Records to use below:
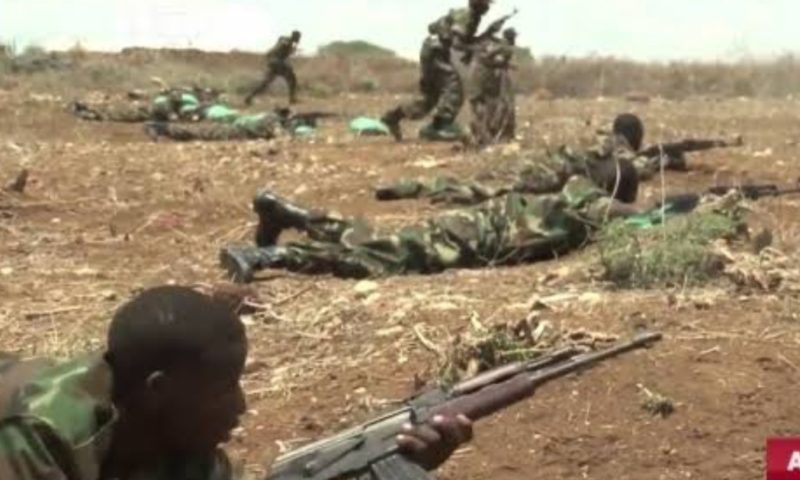 UPDF, AMISOM Troops And Somali Army Capture Jannale After Vicious Battle With Al-Shabaab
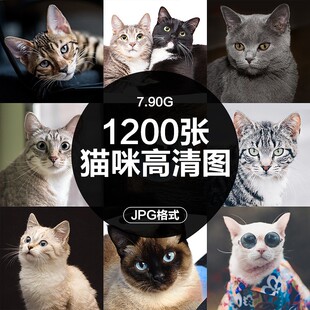 高清图库4K可爱小猫咪动物猫百态摄影电脑壁纸ps海报设计图片素材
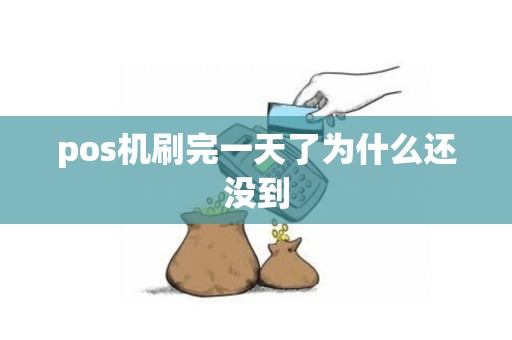 pos机刷完一天了为什么还没到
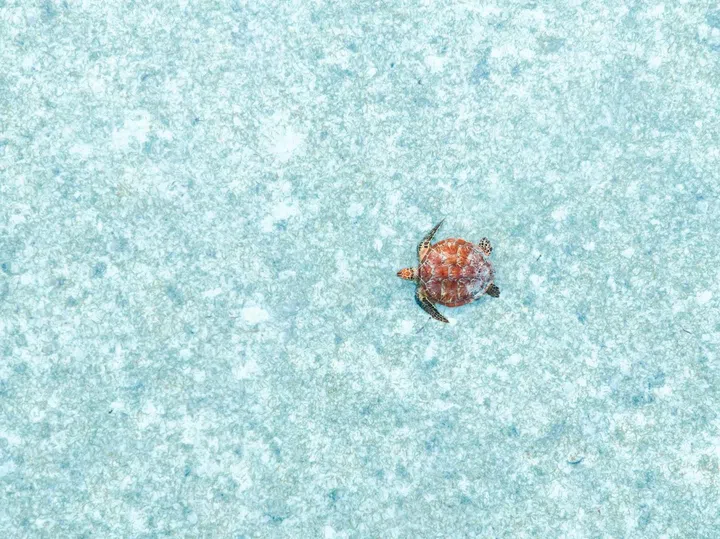 A hawksbill turtle. (Photo: Waldorf Astoria Platte Island)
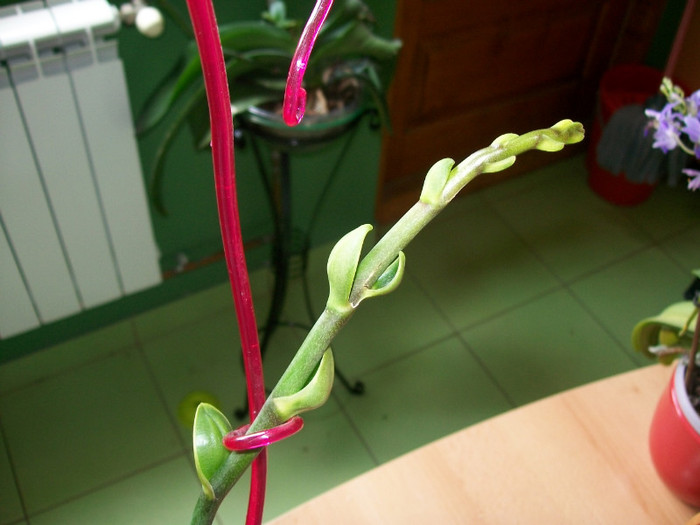 orhidee 110 - Tija misterioasa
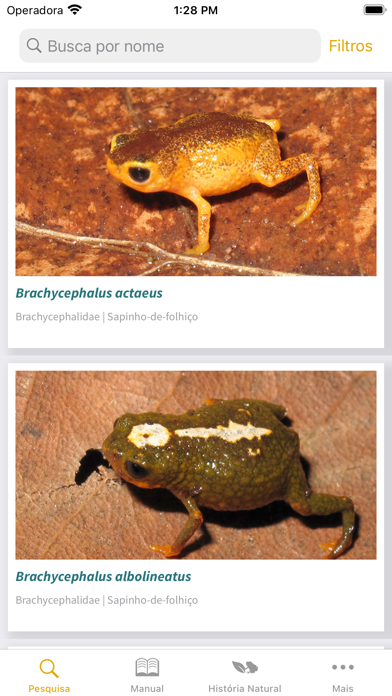 Anfíbios da Mata Atlântica Screenshot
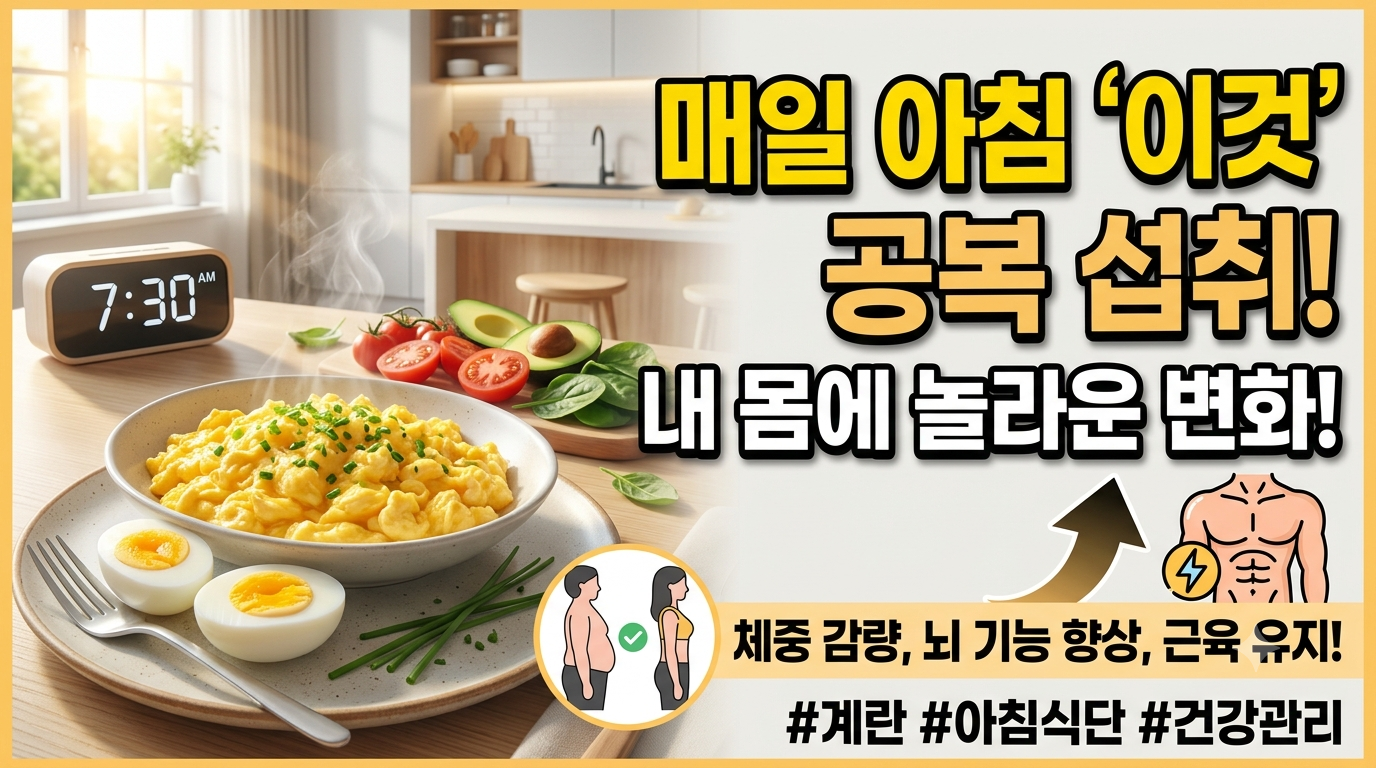 계란-공복에-섭취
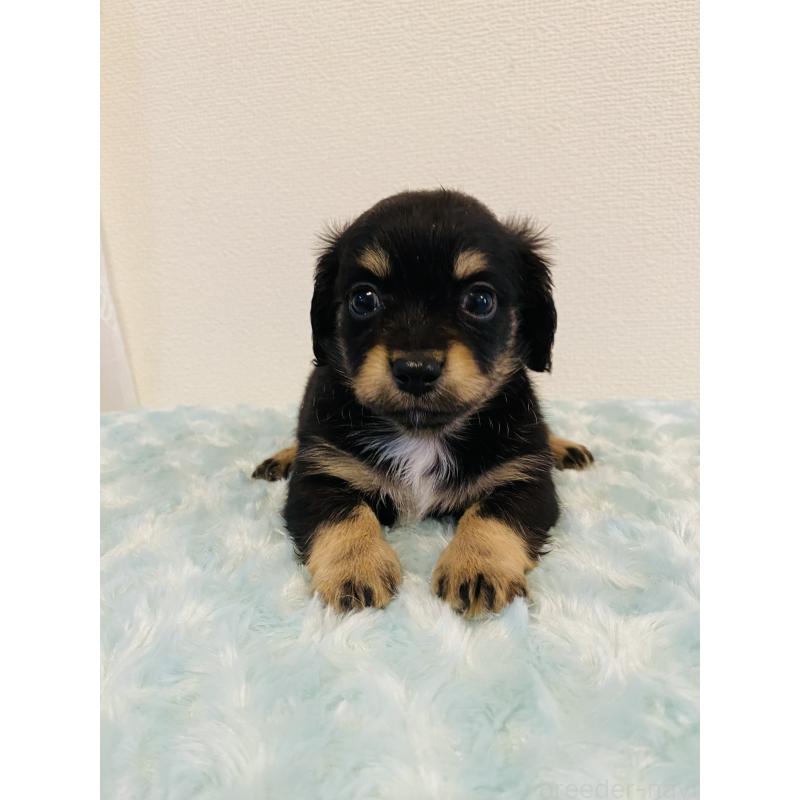 販売中の千葉県のミックス犬-449648の6枚目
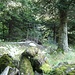 .. und der "Gipfel-Steinmann"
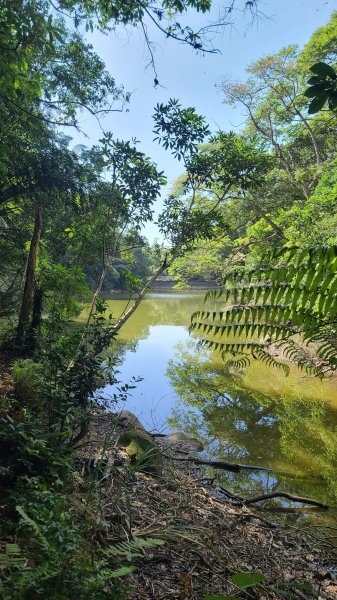 2023-11-19 楓林橋-溪山里山-甜水鴛鴦湖-帕米爾公園-聖人橋O型2352637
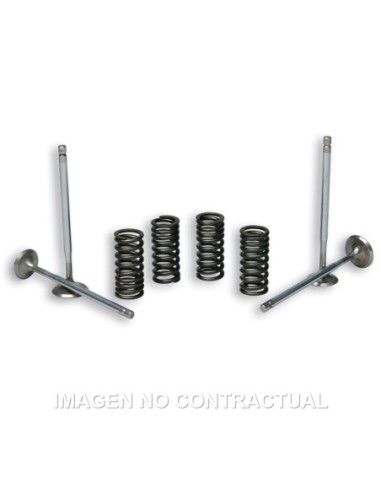 Válvulas t Stroke Malossi C/ Muelles Motor Piaggio Leader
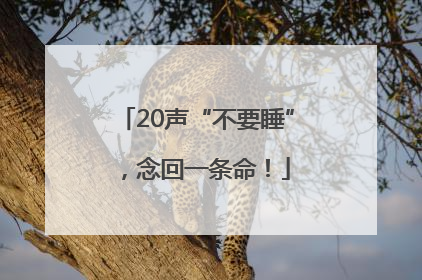 20声“不要睡”，念回一条命！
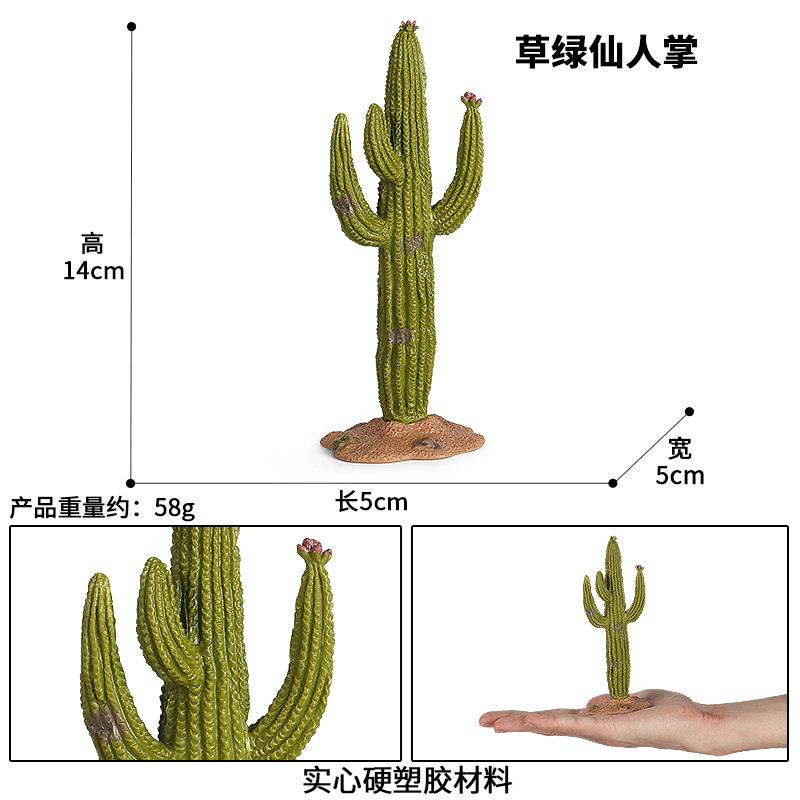 M108草绿仙人掌sku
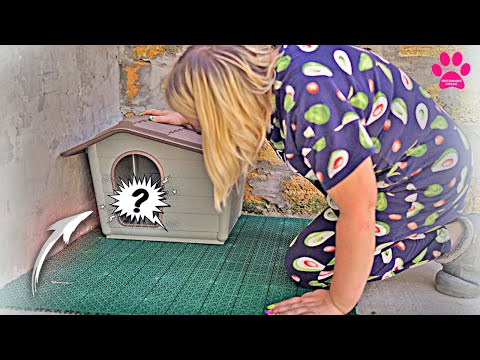 Видео: Кто из 5 чихуахуа войдет первым в новый домик?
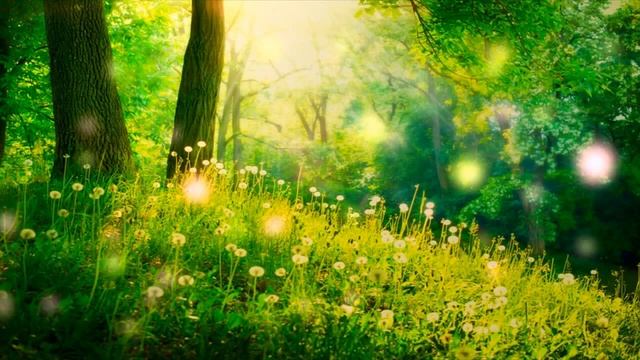 Лучшая расслабляющая музыка ♪ Музыка для положительной энергии смотреть онлайн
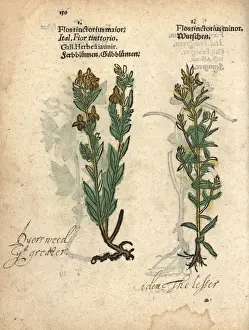 Maior Prints: Dyers weed or German greenweed, Genista germanica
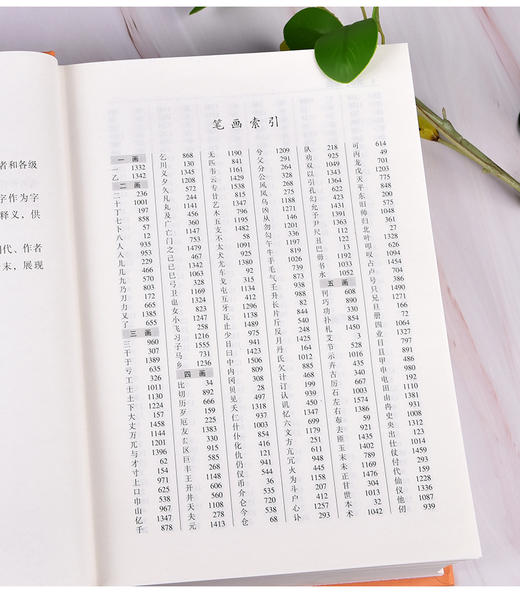 【优惠套装】全3册中国书法大字典行书大字典草书隶书大字典王羲之书法全集甲骨文金文大篆小篆毛笔字帖练字工具书书法爱好者学校师生用书 商品图4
End of Records to use.
- **To do**: For this exercise, the lines from the one containing "Лучшая расслабляющая музыка" through the last line of the entries above are to be output exactly, both included, and pictures are skipped.

- **Result of this exercise**:
 Лучшая расслабляющая музыка ♪ Музыка для положительной энергии смотреть онлайн
 Maior Prints: Dyers weed or German greenweed, Genista germanica
 【优惠套装】全3册中国书法大字典行书大字典草书隶书大字典王羲之书法全集甲骨文金文大篆小篆毛笔字帖练字工具书书法爱好者学校师生用书 商品图4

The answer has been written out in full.